_What you should do:_
Lines containing the word "Dental" are the ones to copy from the records below.

_Task input:_
---
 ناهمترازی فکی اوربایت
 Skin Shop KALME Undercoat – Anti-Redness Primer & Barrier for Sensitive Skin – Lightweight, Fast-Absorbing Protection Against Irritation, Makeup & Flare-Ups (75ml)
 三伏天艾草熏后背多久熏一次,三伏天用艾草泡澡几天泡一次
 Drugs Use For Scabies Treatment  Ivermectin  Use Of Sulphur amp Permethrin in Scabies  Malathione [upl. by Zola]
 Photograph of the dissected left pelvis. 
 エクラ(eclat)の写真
---
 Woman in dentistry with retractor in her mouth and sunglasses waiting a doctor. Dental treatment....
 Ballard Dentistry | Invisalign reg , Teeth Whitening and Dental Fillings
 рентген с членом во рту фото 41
---
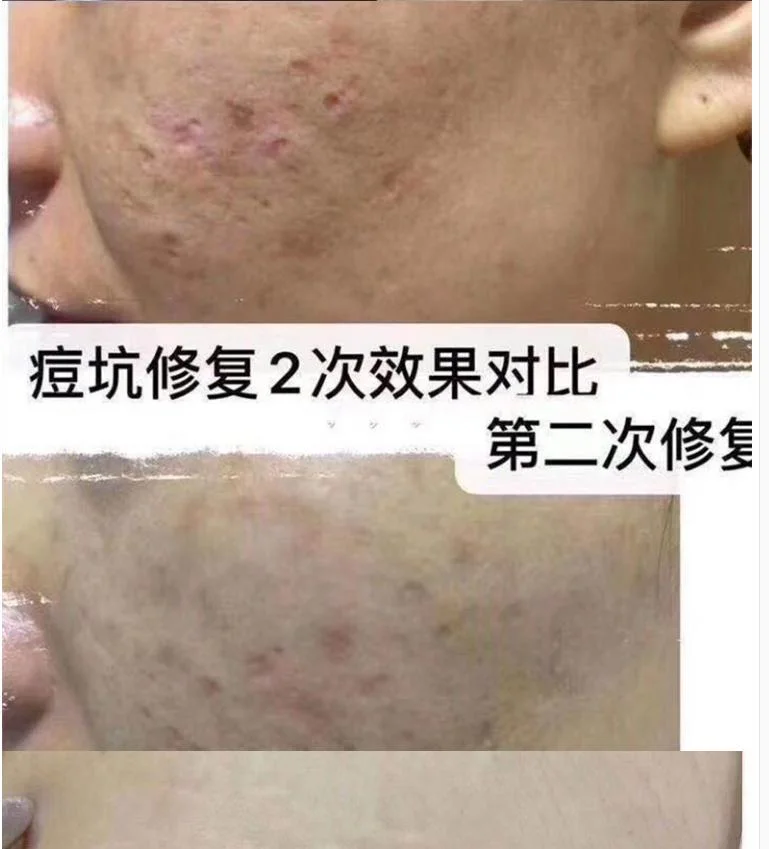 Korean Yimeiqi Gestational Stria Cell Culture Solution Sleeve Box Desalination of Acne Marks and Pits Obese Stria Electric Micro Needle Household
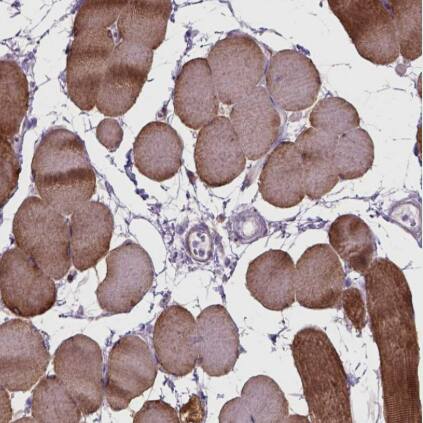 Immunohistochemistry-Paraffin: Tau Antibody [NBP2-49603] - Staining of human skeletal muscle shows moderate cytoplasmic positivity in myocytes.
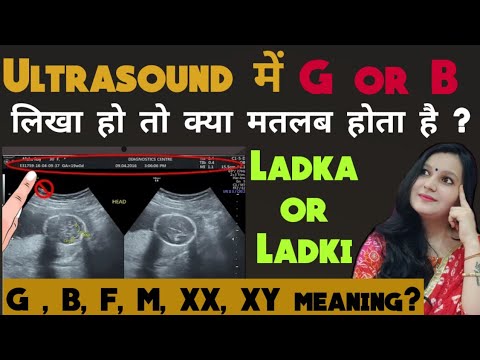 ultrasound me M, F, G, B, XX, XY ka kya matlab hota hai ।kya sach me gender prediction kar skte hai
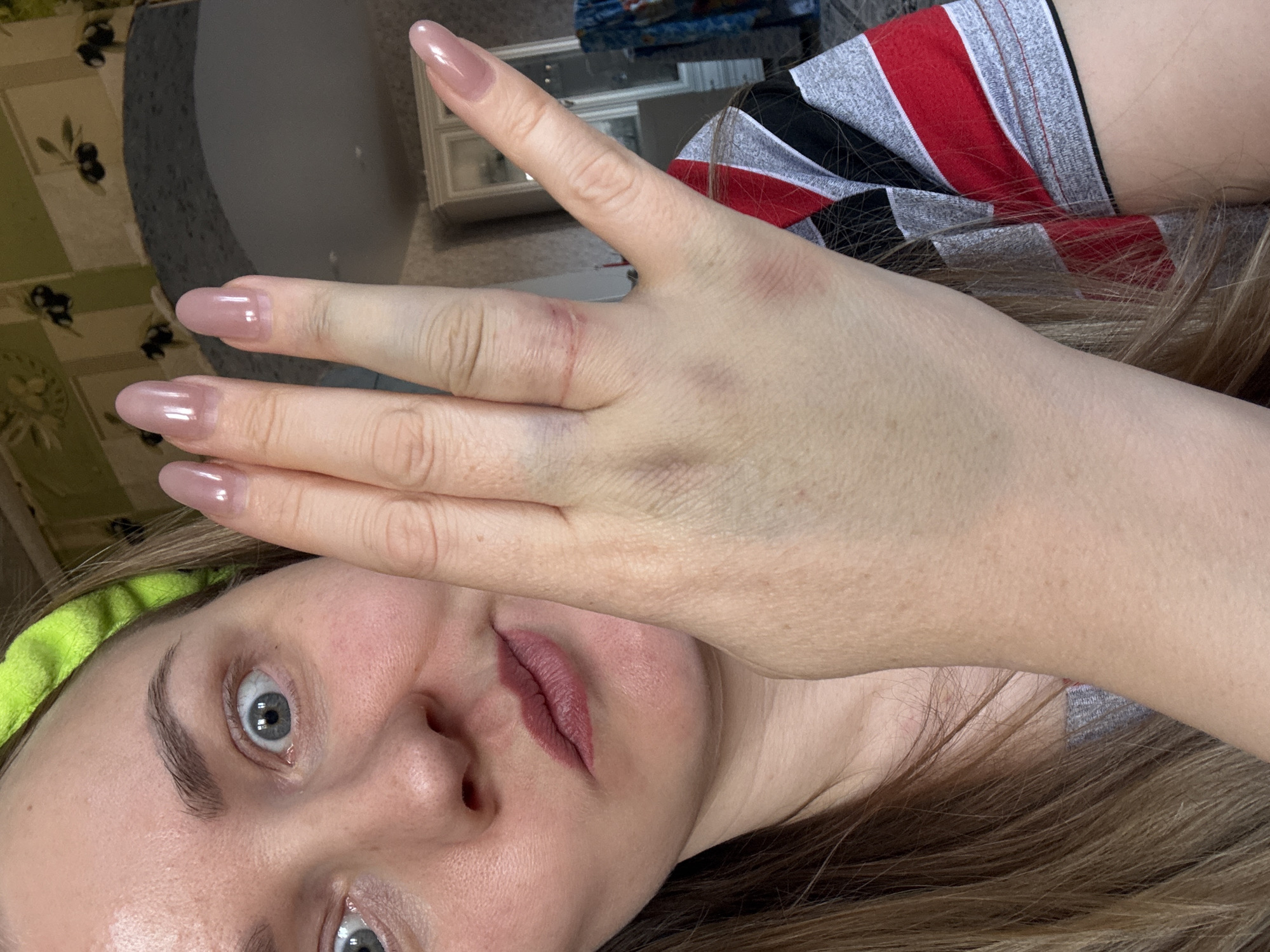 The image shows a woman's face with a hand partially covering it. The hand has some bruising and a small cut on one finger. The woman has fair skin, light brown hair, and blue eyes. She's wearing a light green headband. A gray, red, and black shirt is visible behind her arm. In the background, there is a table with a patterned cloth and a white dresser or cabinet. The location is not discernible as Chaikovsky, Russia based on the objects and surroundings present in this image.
---
_Solution for this task:_
 Woman in dentistry with retractor in her mouth and sunglasses waiting a doctor. Dental treatment....
 Ballard Dentistry | Invisalign reg , Teeth Whitening and Dental Fillings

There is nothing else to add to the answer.